Overall, ultrasonography has many potential applications, and several investigations already examined the feasibility of using portable probes. Toscano et al. (2020) reported high sensitivity and specificity when investigating basic gynecology pathologies using the Lumify or Iviz probes. Johnson et al. (2022) on the other hand determined the Lumify probe to be accurate for measurements of the optic nerve sheath diameter in simulation models. Moreover, other investigations demonstrated that the Lumify probe can be used for point-of-care ultrasound training (Drake et al., 2021) and plastic surgery (Miller et al., 2018).
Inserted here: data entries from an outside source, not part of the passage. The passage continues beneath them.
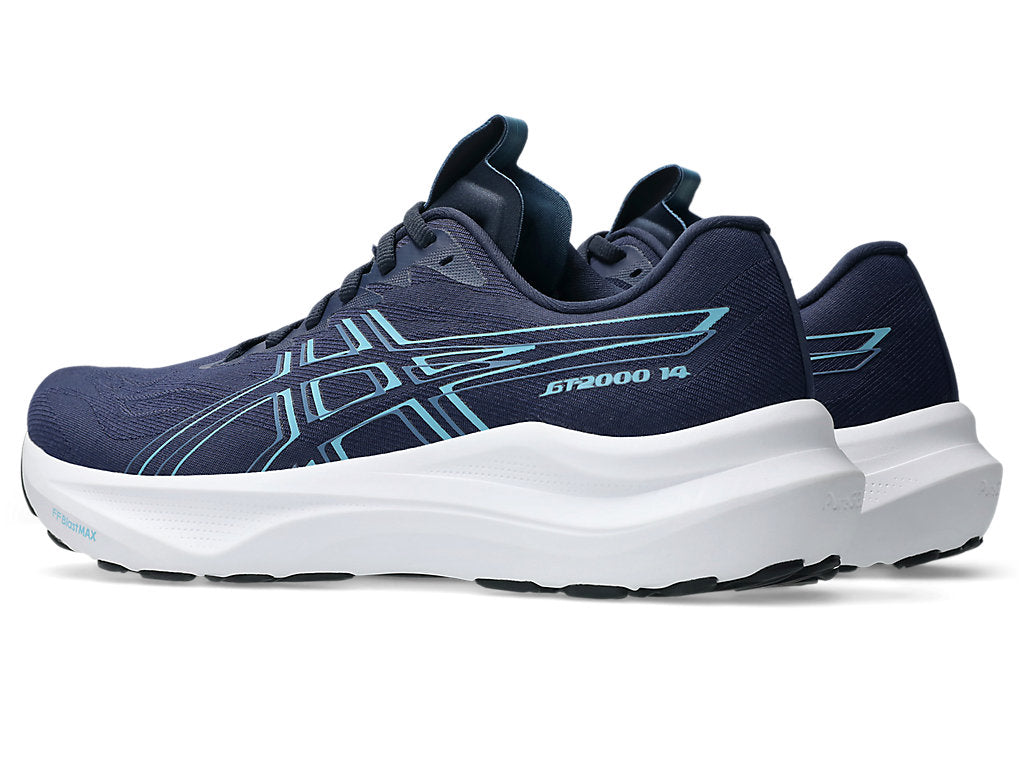asics gt 2000 v14 support shoe for men who overpronate when running, blue colour, side view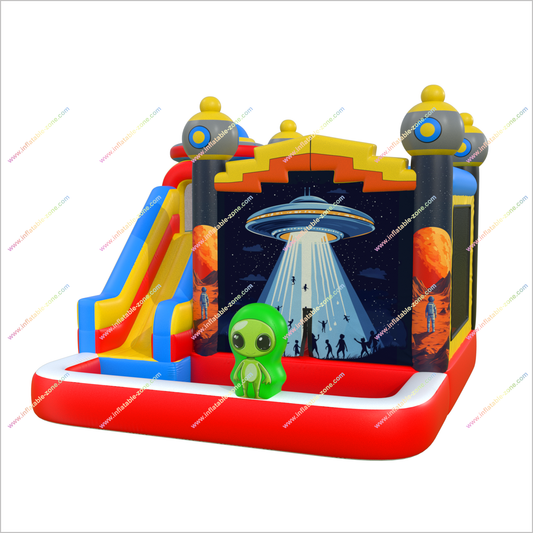 Space-Themed Bounce House Blow Up Slide Into Pool Rent Inflatable Bouncy Castle Ball Pit Slide Combo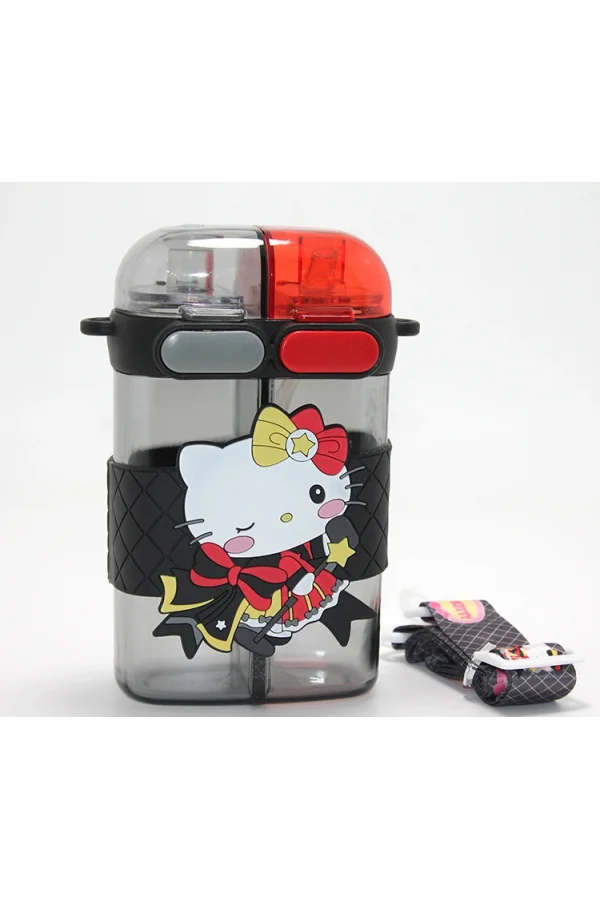 Hello Kitty Figürlü Çift Bölmeli Pipetli Suluk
Apart from these applications, ultrasonography can be used to assess muscle architecture (Esformes et al., 2002; Narici et al., 2003; Franchi et al., 2018; Sarto et al., 2021). Ultrasonography measurements of muscle architecture are valid and reliable (Blazevich et al., 2006; Bénard et al., 2009; Bolsterlee et al., 2015; Scott et al., 2017; Geremia et al., 2019; Franchi et al., 2020; Nijholt et al., 2020). The architecture of a muscle is defined as arrangement of a muscle’s fibers relative to the force generation axis and characterized by fascicle length, pennation angle and thickness (Gans and Bock, 1965; Lieber and Frieden, 2000). Muscle architecture, especially of the lower limb, is not only important to aspects of physical performance (Sarto et al., 2021), but also to clinical outcomes (Onambele et al., 2006; Onambélé et al., 2007; Puthucheary et al., 2013; Stenroth et al., 2015; Paillard, 2017; van Alfen et al., 2018; Narici et al., 2021).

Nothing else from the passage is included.